高温环境对混凝土内GFRP筋拉伸性能退化影响

doi:10.19936/j.cnki.2096-8000.20250228.002

摘要/Abstract

摘要： 对埋置于混凝土内的玻璃纤维增强复合材料(GFRP)筋进行高温后拉伸试验,分析了高温下混凝土试件内外温度变化、筋材外观变化,重点探讨了高温后混凝土内GFRP筋拉伸性能退化规律及其抗拉强度保留系数的预测方法。试验与分析结果表明:混凝土内GFRP筋存在明显温度滞后现象,炉内升温约2 h后,混凝土内GFRP筋才能达到环境温度,混凝土保护层降低了内部筋材在高温后的松散程度;300~350 ℃的工况温度下,混凝土保护层对GFRP筋的抗拉强度保护作用较明显。工况温度达到400 ℃后,GFRP筋的拉伸性能迅速下降,混凝土保护层的隔温保护作用逐渐减弱至消失;300 ℃工况下,恒温时长对混凝土内GFRP筋抗拉强度影响显著,对其弹性模量影响较小;采用Boltzmann函数可以有效预测混凝土内GFRP筋在高温后的抗拉强度保留系数。相关研究可为GFRP筋在混凝土结构中的耐火设计提供参考。
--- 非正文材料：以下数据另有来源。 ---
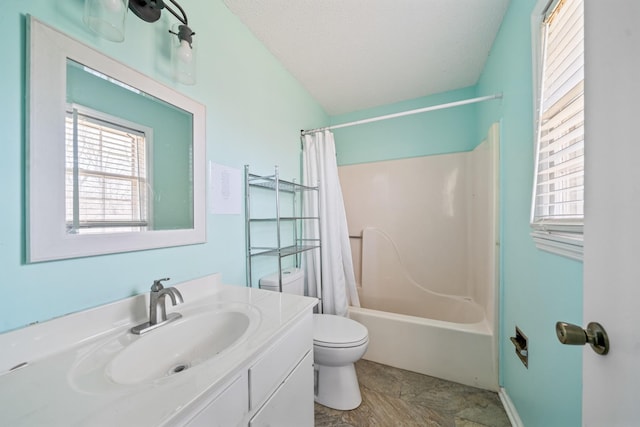 full bath featuring toilet, shower / bath combo with shower curtain, a textured ceiling, and vanity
关键词: 玻璃纤维增强复合材料(GFRP), 高温环境, 混凝土, 拉伸性能, 预测模型

Abstract: Tensile tests of glass fiber reinforced polymer (GFRP) bars embedded in concrete were carried out after high temperature. The variations of temperature difference between the inner and external locations of concrete specimen and the appearance changes of GFRP bars were analyzed. The degradation of tensile properties of GFRP bars was discussed and the prediction method of the tensile strength retention coefficient of GFRP bars in concrete after high temperature was proposed. The test and analysis results show that there is an obvious temperature lag phenomenon of GFRP bars placed in concrete. The temperature at the surface of GFRP bar can reach the operating temperature after about 2 h of heating in the furnace. The cover concrete can reduce the degree of looseness of the internal bars after high temperature and its protective effect on the tensile strength retention of GFRP bars is more obvious under the operating temperature of 300~350 ℃. When the operating temperature reaches 400 ℃, the tensile properties of GFRP bars decrease rapidly and the protective effect of cover concrete on the thermal insulation gradually weakens to disappear. Under the condition of 300 ℃, the constant temperature time has significant influence on the tensile strength of GFRP bars in concrete, but has little influence on its elastic modulus. Boltzmann’s function can be adopted to effectively predict the tensile strength retention of GFRP bars in concrete after high temperatures. The related research can provide references for the fire-resistant design of GFRP bars in concrete structures.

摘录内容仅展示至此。